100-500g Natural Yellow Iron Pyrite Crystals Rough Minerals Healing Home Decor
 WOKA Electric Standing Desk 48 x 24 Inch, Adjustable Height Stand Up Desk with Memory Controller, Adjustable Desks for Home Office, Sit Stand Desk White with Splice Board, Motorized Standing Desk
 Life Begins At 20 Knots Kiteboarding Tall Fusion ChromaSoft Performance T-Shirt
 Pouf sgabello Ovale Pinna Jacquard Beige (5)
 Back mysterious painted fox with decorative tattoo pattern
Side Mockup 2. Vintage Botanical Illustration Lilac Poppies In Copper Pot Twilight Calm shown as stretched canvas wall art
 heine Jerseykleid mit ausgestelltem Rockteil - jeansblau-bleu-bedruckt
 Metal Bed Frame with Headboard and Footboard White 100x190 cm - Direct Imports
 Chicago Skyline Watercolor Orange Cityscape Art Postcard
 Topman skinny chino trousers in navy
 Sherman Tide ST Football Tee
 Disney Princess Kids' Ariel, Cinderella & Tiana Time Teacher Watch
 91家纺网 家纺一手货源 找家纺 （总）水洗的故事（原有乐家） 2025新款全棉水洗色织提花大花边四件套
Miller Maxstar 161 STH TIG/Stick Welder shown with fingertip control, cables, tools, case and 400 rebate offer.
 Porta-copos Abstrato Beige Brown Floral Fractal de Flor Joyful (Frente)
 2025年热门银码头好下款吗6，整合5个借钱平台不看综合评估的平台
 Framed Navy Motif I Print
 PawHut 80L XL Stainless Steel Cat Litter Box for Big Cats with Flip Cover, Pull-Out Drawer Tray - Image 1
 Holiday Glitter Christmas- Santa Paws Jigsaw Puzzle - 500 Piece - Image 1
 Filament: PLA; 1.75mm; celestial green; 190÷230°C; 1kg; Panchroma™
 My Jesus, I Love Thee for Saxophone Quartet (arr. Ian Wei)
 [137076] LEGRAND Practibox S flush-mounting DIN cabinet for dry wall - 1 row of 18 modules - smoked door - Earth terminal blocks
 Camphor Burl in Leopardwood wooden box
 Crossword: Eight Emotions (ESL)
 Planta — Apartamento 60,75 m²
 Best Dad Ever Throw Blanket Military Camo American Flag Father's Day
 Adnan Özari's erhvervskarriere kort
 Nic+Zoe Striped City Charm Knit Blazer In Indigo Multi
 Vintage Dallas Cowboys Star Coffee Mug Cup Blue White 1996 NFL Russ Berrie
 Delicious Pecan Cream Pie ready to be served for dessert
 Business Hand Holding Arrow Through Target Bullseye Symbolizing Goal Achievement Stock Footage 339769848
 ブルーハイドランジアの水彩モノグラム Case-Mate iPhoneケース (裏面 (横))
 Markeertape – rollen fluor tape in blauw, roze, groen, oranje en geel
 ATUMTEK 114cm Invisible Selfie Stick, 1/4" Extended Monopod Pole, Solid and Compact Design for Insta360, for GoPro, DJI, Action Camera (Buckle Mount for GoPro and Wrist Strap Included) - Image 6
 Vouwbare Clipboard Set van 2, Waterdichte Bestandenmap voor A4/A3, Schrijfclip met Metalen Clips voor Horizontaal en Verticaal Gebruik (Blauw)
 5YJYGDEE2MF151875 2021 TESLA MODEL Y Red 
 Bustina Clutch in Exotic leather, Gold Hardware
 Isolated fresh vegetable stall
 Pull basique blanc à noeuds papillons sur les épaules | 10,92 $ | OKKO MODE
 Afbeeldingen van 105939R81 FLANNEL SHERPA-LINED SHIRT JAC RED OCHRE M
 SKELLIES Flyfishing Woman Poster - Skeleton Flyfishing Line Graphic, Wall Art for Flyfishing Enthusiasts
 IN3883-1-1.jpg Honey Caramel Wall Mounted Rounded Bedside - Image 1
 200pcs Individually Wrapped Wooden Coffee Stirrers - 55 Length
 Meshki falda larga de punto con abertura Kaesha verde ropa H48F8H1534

--------------------

EXERCISE:
Exactly as they appear above, output the lines of the data from the first through the one that contains "Best Dad Ever", and only those lines.

FINAL ANSWER:
100-500g Natural Yellow Iron Pyrite Crystals Rough Minerals Healing Home Decor
 WOKA Electric Standing Desk 48 x 24 Inch, Adjustable Height Stand Up Desk with Memory Controller, Adjustable Desks for Home Office, Sit Stand Desk White with Splice Board, Motorized Standing Desk
 Life Begins At 20 Knots Kiteboarding Tall Fusion ChromaSoft Performance T-Shirt
 Pouf sgabello Ovale Pinna Jacquard Beige (5)
 Back mysterious painted fox with decorative tattoo pattern
Side Mockup 2. Vintage Botanical Illustration Lilac Poppies In Copper Pot Twilight Calm shown as stretched canvas wall art
 heine Jerseykleid mit ausgestelltem Rockteil - jeansblau-bleu-bedruckt
 Metal Bed Frame with Headboard and Footboard White 100x190 cm - Direct Imports
 Chicago Skyline Watercolor Orange Cityscape Art Postcard
 Topman skinny chino trousers in navy
 Sherman Tide ST Football Tee
 Disney Princess Kids' Ariel, Cinderella & Tiana Time Teacher Watch
 91家纺网 家纺一手货源 找家纺 （总）水洗的故事（原有乐家） 2025新款全棉水洗色织提花大花边四件套
Miller Maxstar 161 STH TIG/Stick Welder shown with fingertip control, cables, tools, case and 400 rebate offer.
 Porta-copos Abstrato Beige Brown Floral Fractal de Flor Joyful (Frente)
 2025年热门银码头好下款吗6，整合5个借钱平台不看综合评估的平台
 Framed Navy Motif I Print
 PawHut 80L XL Stainless Steel Cat Litter Box for Big Cats with Flip Cover, Pull-Out Drawer Tray - Image 1
 Holiday Glitter Christmas- Santa Paws Jigsaw Puzzle - 500 Piece - Image 1
 Filament: PLA; 1.75mm; celestial green; 190÷230°C; 1kg; Panchroma™
 My Jesus, I Love Thee for Saxophone Quartet (arr. Ian Wei)
 [137076] LEGRAND Practibox S flush-mounting DIN cabinet for dry wall - 1 row of 18 modules - smoked door - Earth terminal blocks
 Camphor Burl in Leopardwood wooden box
 Crossword: Eight Emotions (ESL)
 Planta — Apartamento 60,75 m²
 Best Dad Ever Throw Blanket Military Camo American Flag Father's Day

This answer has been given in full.